Hackers can disable your car's safety systems

Hacking Inner Car Systems

Hackers could disable a modern car's airbags and other safety systems, putting the driver and the passengers at grave risk, according to a new warning.

Researchers from security firm Trend Micro have revealed a flaw that could allow the controlling network of a connected car to be overloaded, allowing possible hackers to compromise key systems in the vehicle, including safety aspects.

Trend Micro's report claims that hackers could, with relative ease, overload the controller area network (CAN) standard, which the company says is used in "practically every light-duty vehicle currently in circulation today."

The system, which was developed in 1983 and pushed into production in 1989, can be overloaded by sending a huge amount of erroneous messages to push it into a Bus Off state, essentially turning it off.

This would then allow hackers could turn off individual systems like airbags, or the antilock breaking system -- although the report adds that the hacker would need to be one of the passengers in order to make it work.

Scary as it may sound, the hacker would also need a "specially-crafted attack device" in order to make it work.

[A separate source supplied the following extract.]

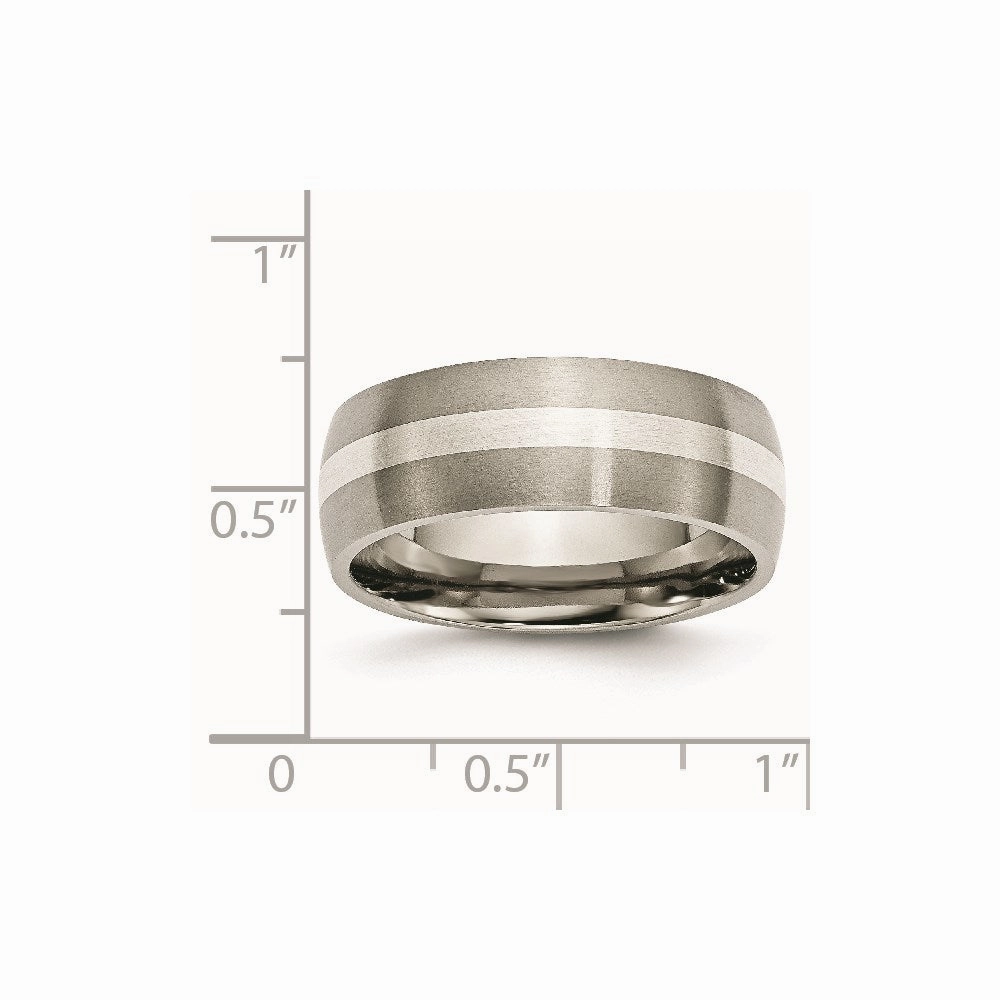 Titanium Sterling Silver Inlay 8mm Brushed Band | TB211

And that device needs to be introduced via local access, meaning the hacker would need to be in the car. Trend Micro says the only way to eliminate the vulnerability is to make large changes to the standard used.

"Car manufacturers can only mitigate the attack we demonstrated by adopting specific network countermeasures, but cannot eliminate it entirely," the post said. "To eliminate the risk entirely, an updated CAN standard should be proposed, adopted, and implemented. This whole process would likely require another generation of vehicles."